Associations of Liver Biochemistry on Long-Term Blood Pressure Control and Mortality in Hypertensive Patients

L McCallum, P Jeemon, CE Hastie, J Hewitt, R Patel, C Williamson, J Dawson, GC Jones, S Muir, M Walters, D Morrison, AF Dominczak, GT McInnes, N Sattar, S Padmanabhan. University of Glasgow, Glasgow, UK

Introduction There is evidence for an inverse relationship with mortality for ALT and Bilirubin, even though higher, not low, ALT is also considered a marker for Non-Alcoholic Fatty Liver Disease. In addition, there are complex associations between liver biochemistry and aging, environmental factors like smoking, alcohol intake which can confound associations. We sought to study the association between liver indices and mortality and blood pressure control in a large cohort of treated hypertensive patients.

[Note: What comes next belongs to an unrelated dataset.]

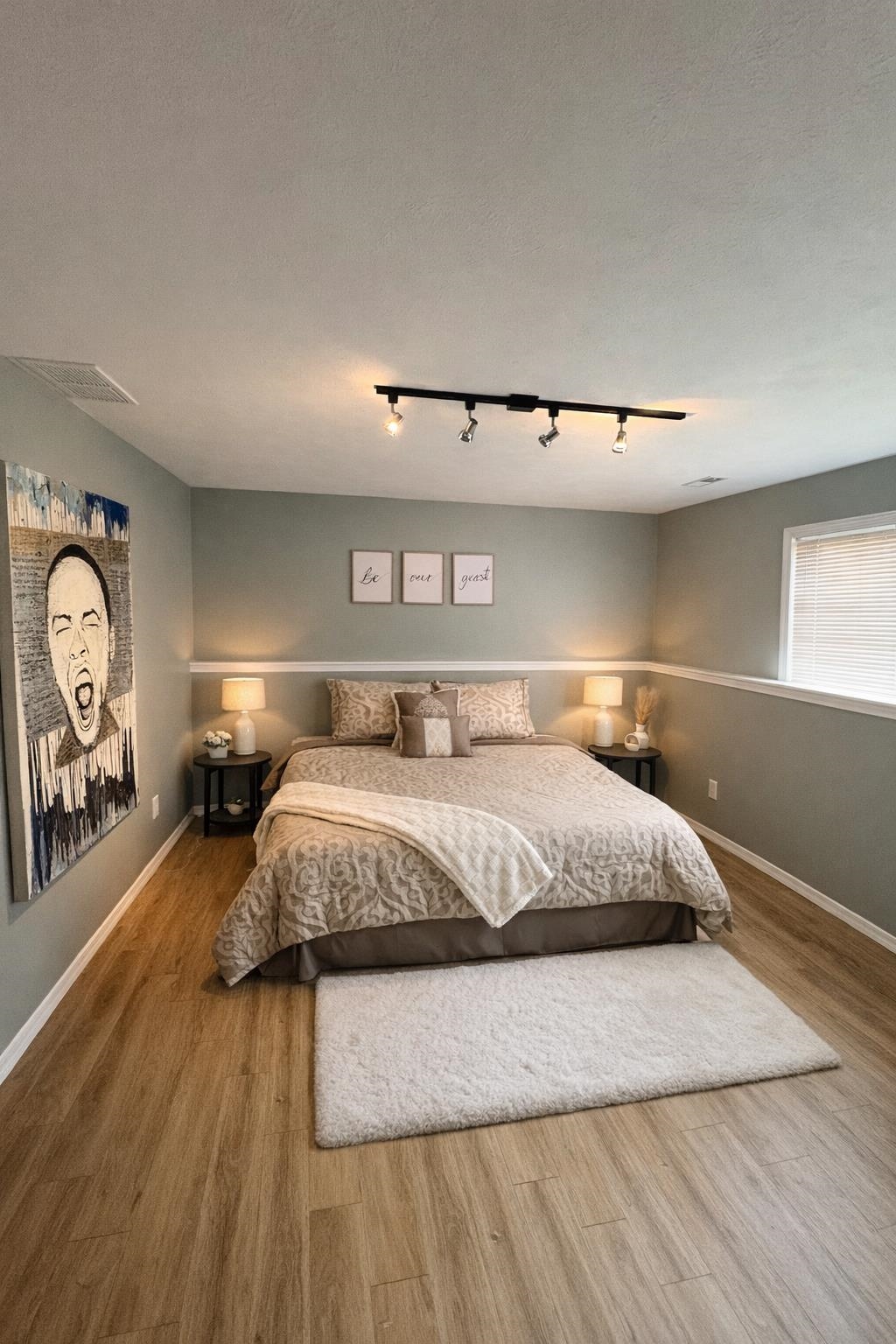 517 E Westcrest Ave - Photo 22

Methods: We analysed baseline liver enzymes and bilirubin in 12,000 hypertensive individuals followed up for a maximum of 35 years. Cox proportional hazards model and generalized estimating equations were used to assess their associations with cause-specific mortality and longitudinal BP control. The Harrel C-statistic, net reclassification index (NRI), and integrated discrimination index (IDI) were calculated to determine if any of the liver tests singly or in combination provided additive prognostic value beyond both traditional risk factors.

Results: The study population was middle aged (mean age=50.82+14.63 years), predominantly female (53%) and overweight (BMI=27.63+5.79). The total time at risk was 173,806 person years (p-y). Higher ALT and bilirubin levels (up to 4 SD from mean) were associated with lower mortality and lower follow-up BP; while higher GGT and ALP levels were associated with higher mortality risk and higher follow-up BP. Inclusion of all liver tests, albumin+GGT+bilirubin classified cardiovascular mortality better than the basic model with traditional risk factors (C-statistic improvement 1.26% and 1.51%; NRI +10.7% and +5.2%; IDI 0 p<0.0001). Longitudinal BP was higher with each unit increase in ALP or GGT, but lower with each unit increase in bilirubin or ALT (figure).

Conclusions: We show in a hypertensive cohort liver enzymes and bilirubin up to about 4SD from the mean show specific effects on mortality and BP control. Bilirubin and ALT levels show a direct association with longitudinal BP control indicating that these indices may influence the pharmacokinetics of antihypertensive drugs.